The main function of property rights is the granting of exclusive rights to exploitable, technical or creative inventions. The other functions also include functions such as attack, protection, motivation, reputation or the financial function, which individually or jointly help to secure the exploitation of property rights. The registration strategy is also important, namely what, when, how and where is registered.

attack

hedging / tactics

motivation

reputation and funding

login strategy

Protection against intellectual property rights

patent analysis

attack

Angriff

The attack function includes the acquisition of strong intellectual property rights in new technical areas. This keeps competing companies away from new technology, and their own position is secured and expanded. With such a powerful weapon, a company can license and license back new technologies that are not accessible to its own company without its own basic patent. The protective right becomes an object of exchange.

If the property right holder succeeds in making his patent the technical standard at the same time, economic success will usually also follow (example: VHS system). There are ways and means to achieve this as well. If, for example, you have made an invention in an environmentally interesting area that enables you to save energy or avoid using environmentally harmful substances, you can also contact environmental parties or associations that can politically promote public acceptance and later contribute to a corresponding standard is created. When it comes to safety-related matters, insurance can lead to success

Protection / Tactics

Absicherung/ Taktik

Building a secure position includes filing intellectual property rights in a timely manner, ensuring that all aspects of a product, process or intermediate are covered, as well as filing subsequent applications. A constant technology check helps to detect your own gaps as well as those of others.

To protect a basic patent, a network of patents is stretched around it, for example, to protect the actual invention against circumventing forms or to cover new applications. If the competition has the basic patent, such a network can prevent it from using its invention appropriately. Your own network can be strengthened by purchased patents or license agreements.

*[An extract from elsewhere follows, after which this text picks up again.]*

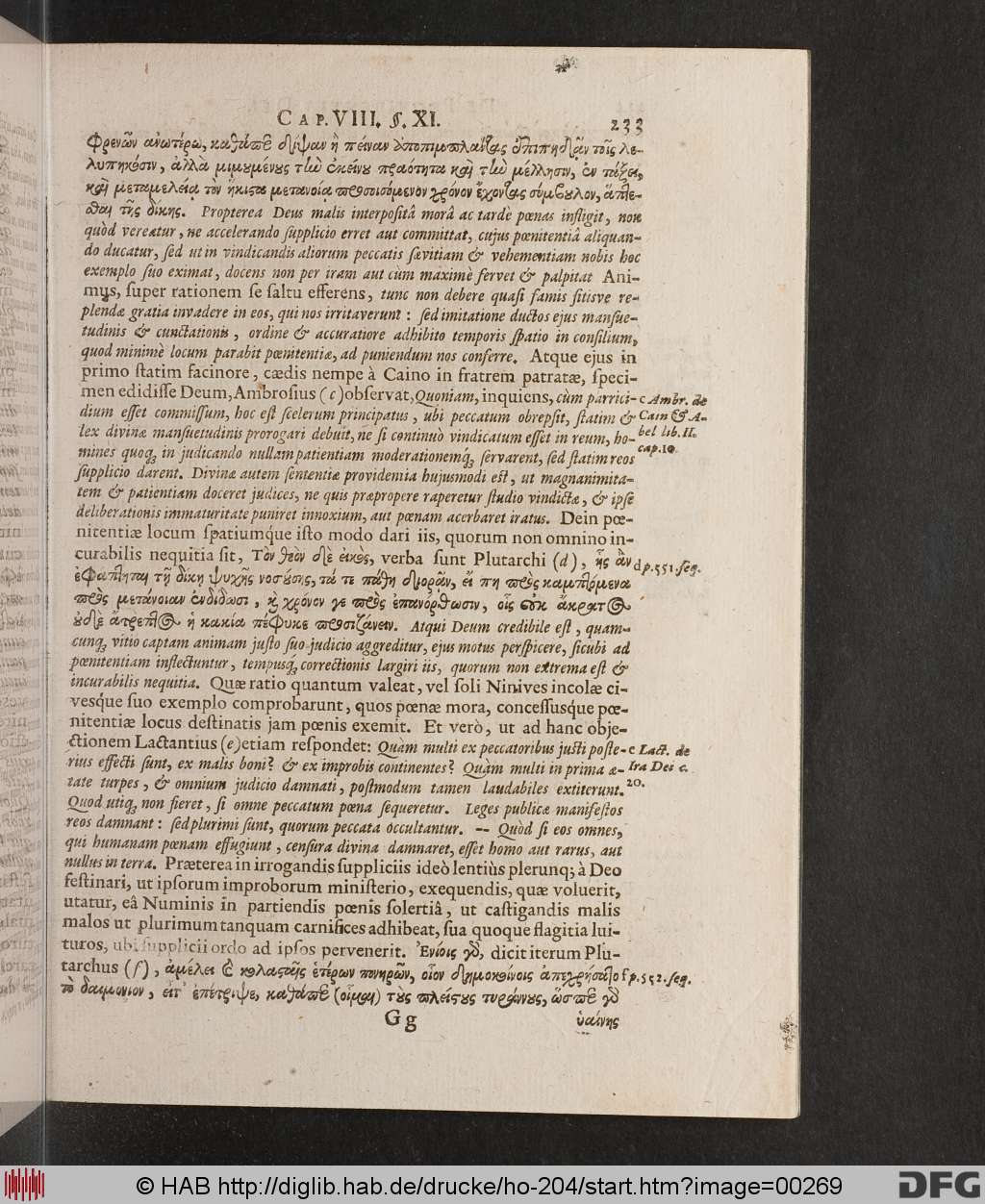 http://diglib.hab.de/drucke/ho-204/00269.jpg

The 18 months between registration and disclosure are an advantage for the network owner. Parts of the network can be thrown into the balance in the event of disputes in order to maintain the peace through cross-licensing and to secure access to a new technology.

motivation

Motivation
Reputation und Finanzierung

Patents can be used in the human resources area so that employees identify more strongly with their company. If an employee or a quality circle has presented a development that the company has led to a property right, the employee recognizes that his suggestions are being taken seriously. If it is a technical property right (patent or utility model), the inventor is even entitled to separate remuneration under the Employee Inventions Act, the so-called inventor's remuneration (EVG).

reputation and funding

It is not only in the case of start-ups that intellectual property rights indicate a company's technological strength or a positive attitude towards research and technology in the public assessment. This is an advantage both when acquiring orders and when it comes to creditworthiness, if the value of the property rights can be conveyed to the bank or venture capitalist, for example as part of a business plan. If the intellectual property right can be implemented in a product during its term, the market position of the company and/or its brand will be strengthened. This often has the automatic consequence that the success of a company increases. Through the licensing or transfer of property rights, possibly in connection with joint ventures or franchise agreements, property rights can represent significant sources of income and strengthen the company's position.

login strategy

Anmelestrategien

All of the aforementioned functions of property rights fail if the applicant is not clear about what, when, how and where the application is being filed. To this end, the company should have a decision-maker independent of the inventor. Before registering, the horizon of expectations for the property rights should be clear. Should you form a new mainstay for a large company or open the doors to a company founder. An imprecise or too broadly set goal only leads to a result that does not match expectations and causes avoidable costs

Once the goal is set, it needs to be clarified how to acquire intellectual property. With the exception of accidental patentable discoveries, intellectual property is mostly created through targeted development using creative techniques. The inventor is bothered by recurring problems, initially questions everything or looks for better, cheaper alternatives. Competition or other protective rights can also force him to develop suitable forms of circumvention in order to retain a competitive advantage. In most cases, one component alone is not enough to protect an entire development, so that the inventor's far-sightedness is required to identify the right solution approaches and the focal points of his own development. What provides a competitive advantage, a question that the inventor should keep asking himself throughout the granting process and in fact with regard to every aspect of his desired protection.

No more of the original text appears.